Le roman d’Annie Préaux s’ouvre sur cette déclaration de la narratrice… soumise à un interrogatoire au sujet de la disparition d’un de ses amis, modèle par ailleurs d’un personnage de roman au cœur du présent récit.
Car Aline, la narratrice, si elle n’a pas écrit de polar, est bien romancière.
Le disparu se nomme Alexandre Esse et son personnage, Alexandre Saintclaes. Comme on l’observe, ils gardent le prénom et bien des attributs en commun.
Les protagonistes de l’action relatée comme de la fiction en train de s’écrire, qui seront étroitement liés, ont souffert sinon d’un manque d’affection d’un défaut d’attention de la part d’un père qui s’est donné la mort.

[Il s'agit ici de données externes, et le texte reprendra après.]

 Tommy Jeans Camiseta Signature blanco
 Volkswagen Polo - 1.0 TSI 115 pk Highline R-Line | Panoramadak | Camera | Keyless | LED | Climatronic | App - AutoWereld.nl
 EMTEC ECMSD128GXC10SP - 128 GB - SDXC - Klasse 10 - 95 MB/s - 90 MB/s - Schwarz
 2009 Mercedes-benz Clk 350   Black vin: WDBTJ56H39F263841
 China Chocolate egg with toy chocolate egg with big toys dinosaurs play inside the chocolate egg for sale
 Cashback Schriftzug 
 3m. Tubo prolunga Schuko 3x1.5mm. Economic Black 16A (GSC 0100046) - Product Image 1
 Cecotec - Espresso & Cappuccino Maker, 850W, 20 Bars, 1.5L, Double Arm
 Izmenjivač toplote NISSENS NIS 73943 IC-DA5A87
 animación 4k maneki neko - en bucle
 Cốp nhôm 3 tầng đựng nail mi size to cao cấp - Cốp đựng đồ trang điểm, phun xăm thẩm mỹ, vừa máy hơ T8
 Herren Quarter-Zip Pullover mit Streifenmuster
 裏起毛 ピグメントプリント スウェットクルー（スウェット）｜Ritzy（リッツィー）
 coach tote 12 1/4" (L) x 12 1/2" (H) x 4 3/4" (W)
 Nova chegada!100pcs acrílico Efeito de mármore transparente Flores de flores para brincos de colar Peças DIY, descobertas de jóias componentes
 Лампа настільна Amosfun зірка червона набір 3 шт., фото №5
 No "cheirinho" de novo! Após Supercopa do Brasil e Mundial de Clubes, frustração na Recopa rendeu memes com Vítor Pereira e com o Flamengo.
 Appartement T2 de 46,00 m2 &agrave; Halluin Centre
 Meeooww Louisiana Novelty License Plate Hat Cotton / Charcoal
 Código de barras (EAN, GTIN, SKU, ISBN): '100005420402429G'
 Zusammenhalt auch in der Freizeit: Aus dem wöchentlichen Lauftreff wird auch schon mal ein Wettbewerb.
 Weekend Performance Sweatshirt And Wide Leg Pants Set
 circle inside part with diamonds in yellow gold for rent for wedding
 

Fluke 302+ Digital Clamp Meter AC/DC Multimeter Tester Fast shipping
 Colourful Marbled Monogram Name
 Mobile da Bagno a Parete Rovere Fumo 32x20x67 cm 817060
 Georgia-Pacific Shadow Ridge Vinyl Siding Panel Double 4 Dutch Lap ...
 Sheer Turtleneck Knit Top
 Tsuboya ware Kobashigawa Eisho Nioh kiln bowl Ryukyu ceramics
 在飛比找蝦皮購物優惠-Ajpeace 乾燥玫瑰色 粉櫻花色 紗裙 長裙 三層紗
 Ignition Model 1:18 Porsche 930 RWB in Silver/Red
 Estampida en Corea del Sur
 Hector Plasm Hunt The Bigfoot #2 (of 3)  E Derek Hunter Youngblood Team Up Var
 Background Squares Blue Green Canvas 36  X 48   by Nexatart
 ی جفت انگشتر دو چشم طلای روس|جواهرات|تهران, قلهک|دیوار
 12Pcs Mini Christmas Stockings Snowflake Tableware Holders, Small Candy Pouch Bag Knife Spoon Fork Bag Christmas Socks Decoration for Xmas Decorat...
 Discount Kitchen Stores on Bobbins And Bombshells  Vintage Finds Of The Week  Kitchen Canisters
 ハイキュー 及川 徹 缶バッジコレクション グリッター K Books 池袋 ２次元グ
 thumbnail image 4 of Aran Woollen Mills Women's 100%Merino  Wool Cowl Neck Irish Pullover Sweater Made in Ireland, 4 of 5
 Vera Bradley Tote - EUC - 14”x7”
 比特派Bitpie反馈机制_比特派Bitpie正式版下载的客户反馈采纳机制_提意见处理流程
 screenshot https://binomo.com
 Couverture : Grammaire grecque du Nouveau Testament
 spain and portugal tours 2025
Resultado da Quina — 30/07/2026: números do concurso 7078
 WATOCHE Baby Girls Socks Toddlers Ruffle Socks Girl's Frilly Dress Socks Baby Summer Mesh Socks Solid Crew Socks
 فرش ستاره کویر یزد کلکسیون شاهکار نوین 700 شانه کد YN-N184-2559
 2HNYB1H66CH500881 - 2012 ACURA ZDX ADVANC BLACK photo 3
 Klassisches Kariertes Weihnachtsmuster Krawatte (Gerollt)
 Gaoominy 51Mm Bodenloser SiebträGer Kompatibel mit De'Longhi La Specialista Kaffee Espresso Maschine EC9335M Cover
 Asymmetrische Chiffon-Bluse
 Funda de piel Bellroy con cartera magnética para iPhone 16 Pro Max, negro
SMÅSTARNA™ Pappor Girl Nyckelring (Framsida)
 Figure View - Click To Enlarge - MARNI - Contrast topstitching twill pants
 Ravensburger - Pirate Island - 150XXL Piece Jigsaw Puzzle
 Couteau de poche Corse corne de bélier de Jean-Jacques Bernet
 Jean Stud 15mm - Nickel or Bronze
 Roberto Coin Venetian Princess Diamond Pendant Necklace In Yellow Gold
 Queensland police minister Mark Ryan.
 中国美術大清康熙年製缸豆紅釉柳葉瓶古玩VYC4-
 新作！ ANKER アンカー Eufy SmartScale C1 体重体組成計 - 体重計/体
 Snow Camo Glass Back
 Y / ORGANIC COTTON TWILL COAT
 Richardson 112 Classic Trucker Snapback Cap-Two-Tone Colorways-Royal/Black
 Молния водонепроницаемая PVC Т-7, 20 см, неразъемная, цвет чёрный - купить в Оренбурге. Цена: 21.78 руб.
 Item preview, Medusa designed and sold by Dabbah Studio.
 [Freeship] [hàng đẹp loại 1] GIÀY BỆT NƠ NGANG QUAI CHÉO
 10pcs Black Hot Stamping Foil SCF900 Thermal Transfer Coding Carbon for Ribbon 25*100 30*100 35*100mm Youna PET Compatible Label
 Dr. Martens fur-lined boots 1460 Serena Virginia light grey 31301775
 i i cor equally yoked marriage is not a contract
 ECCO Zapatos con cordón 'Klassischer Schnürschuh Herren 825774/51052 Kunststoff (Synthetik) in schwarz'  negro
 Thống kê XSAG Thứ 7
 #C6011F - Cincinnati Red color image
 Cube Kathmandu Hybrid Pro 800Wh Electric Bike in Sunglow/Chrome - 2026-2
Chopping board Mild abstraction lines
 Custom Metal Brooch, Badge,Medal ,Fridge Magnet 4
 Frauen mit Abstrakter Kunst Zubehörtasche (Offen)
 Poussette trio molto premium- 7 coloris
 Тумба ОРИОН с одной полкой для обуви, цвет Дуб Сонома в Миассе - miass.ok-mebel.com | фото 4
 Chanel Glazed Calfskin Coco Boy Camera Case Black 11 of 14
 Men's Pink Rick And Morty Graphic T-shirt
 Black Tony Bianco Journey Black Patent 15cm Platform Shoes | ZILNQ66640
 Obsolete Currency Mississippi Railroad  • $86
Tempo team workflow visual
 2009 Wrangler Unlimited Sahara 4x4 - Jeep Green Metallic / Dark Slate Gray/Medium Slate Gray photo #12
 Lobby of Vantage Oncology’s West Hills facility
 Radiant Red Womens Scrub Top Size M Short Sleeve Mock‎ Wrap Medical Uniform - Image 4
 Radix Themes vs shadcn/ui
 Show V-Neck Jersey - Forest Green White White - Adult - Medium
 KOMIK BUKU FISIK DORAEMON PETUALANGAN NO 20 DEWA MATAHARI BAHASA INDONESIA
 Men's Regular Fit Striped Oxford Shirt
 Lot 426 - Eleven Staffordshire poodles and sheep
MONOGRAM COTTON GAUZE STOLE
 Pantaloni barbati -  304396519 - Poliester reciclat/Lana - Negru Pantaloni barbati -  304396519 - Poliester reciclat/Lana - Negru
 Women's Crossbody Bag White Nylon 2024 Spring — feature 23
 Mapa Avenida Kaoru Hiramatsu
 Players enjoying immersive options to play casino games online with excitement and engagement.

Le père réel comme le père fictif étaient artistes, dans le domaine de la peinture à l'encre sur papier.
La narratrice a une sœur adoptive, Hyang Su, d’origine coréenne, qui va jouer aussi un rôle fondamental.
L’important, c’est faire voir ce qui n’est pas visible, a un jour dit Hyang Su à propos de son travail artistique.
Ce qui est remarquable dans ce roman, ce sont les liens qui se tissent entre les personnages de fiction et les personnages du récit, entre la tradition artistique asiatique, coréenne en particulier, et l’art occidental, tant pour éclaircir les maux intérieurs des protagonistes que pour faire avancer l’intrigue.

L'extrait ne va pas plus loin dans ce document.